We wniosku do Trybunału rzecznik zwrócił uwagę na to, że „powierzenie PZŁ wyłącznej kompetencji w zakresie sądownictwa dyscyplinarnego według ustalonych przez siebie kryteriów jest nie do pogodzenia ze współczesnym polskim porządkiem konstytucyjnym”. W jego opinii „zakwestionowane przepisy prawa łowieckiego są tak ogólne, iż w istocie dają organom Związku niczym nieograniczone możliwości kształtowania regulacji w zakresie dyscyplinarnego sądownictwa łowieckiego”.
RPO wskazał też na wyrok Trybunału Konstytucyjnego z 11 września 2001 r. (sygn. SK 17/00), w którym Trybunał stwierdził, że sprawy dyscyplinarne niewątpliwie należą do kategorii tych spraw, które powinny być poddane kontroli sądów.
Z tymi zarzutami nie zgadza się Polski Związek Łowiecki. Zdaniem Marka Duszyńskiego, radcy prawnego Zarządu Głównego PZŁ obecne rozwiązania są dobre. Jednak - jak powiedział PAP Duszyński - "to, czy TK orzeknie, że przepisy te są zgodne z konstytucją czy też nie, nie będzie miało wpływu na funkcjonowanie Związku". " Po prostu więcej spraw trafi do sądów powszechnych" - dodał.
Duszyński poinformował, że obecnie do sądów powszechnych trafiają wyłącznie sprawy o wykluczenie danej osoby ze Związku, i takich spraw jest tylko kilka lub kilkanaście w roku.
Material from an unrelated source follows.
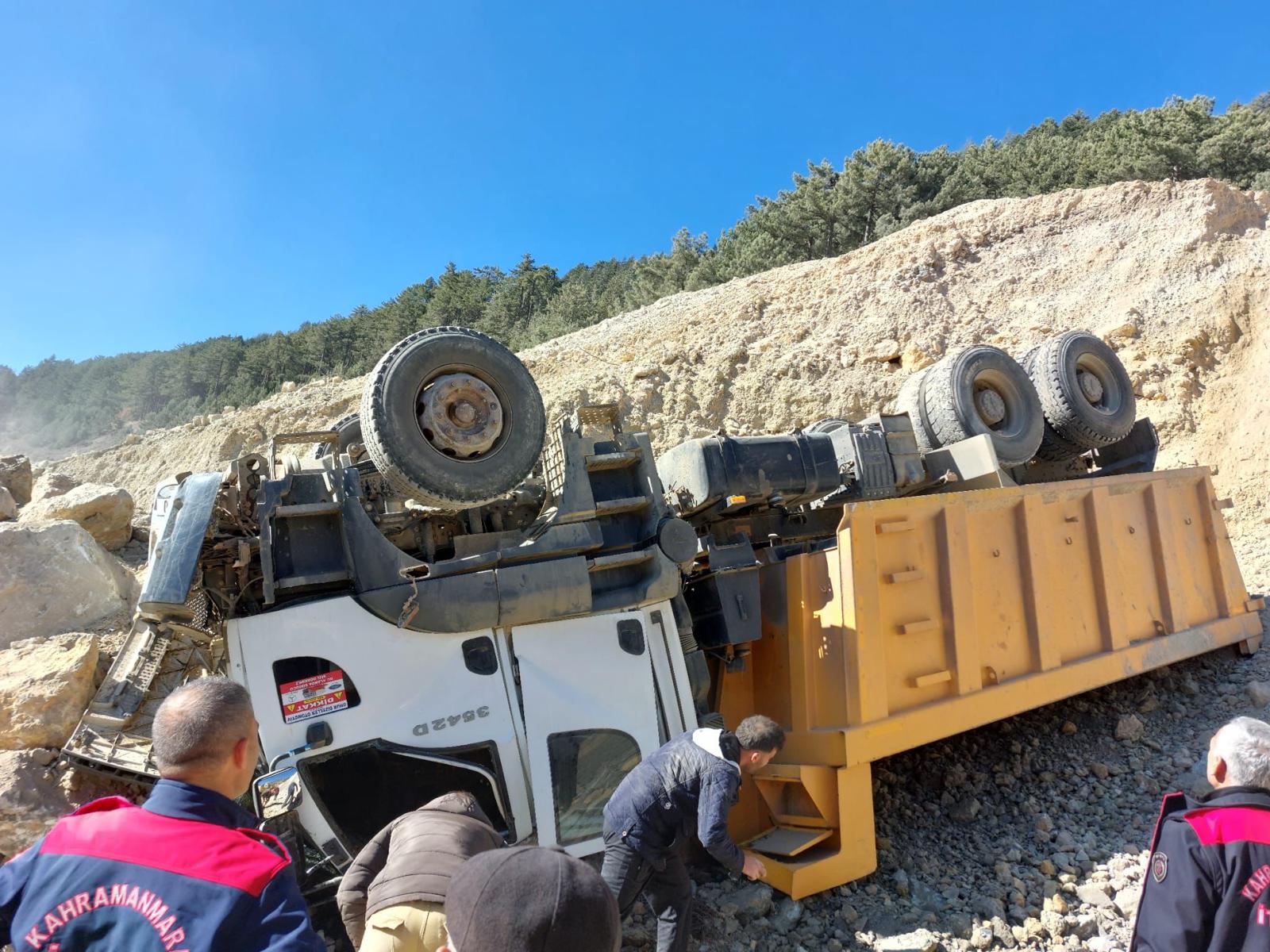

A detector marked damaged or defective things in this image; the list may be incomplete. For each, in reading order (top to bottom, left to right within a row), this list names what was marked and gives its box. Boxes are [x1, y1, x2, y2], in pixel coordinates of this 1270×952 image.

overturned dump truck [62, 327, 1260, 934]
W jego opinii jedyną rzeczą, jaka się zmieni w funkcjonowaniu Związku, będzie to, że sędziowie PZŁ "z większą dociekliwością będą badać daną sprawę, która do nich trafi.”
Rozprawie będzie przewodniczył sędzia TK Mirosław Granat, sprawozdawcą będzie sędzia TK Sławomira Wronkowska-Jaśkiewicz. (PAP)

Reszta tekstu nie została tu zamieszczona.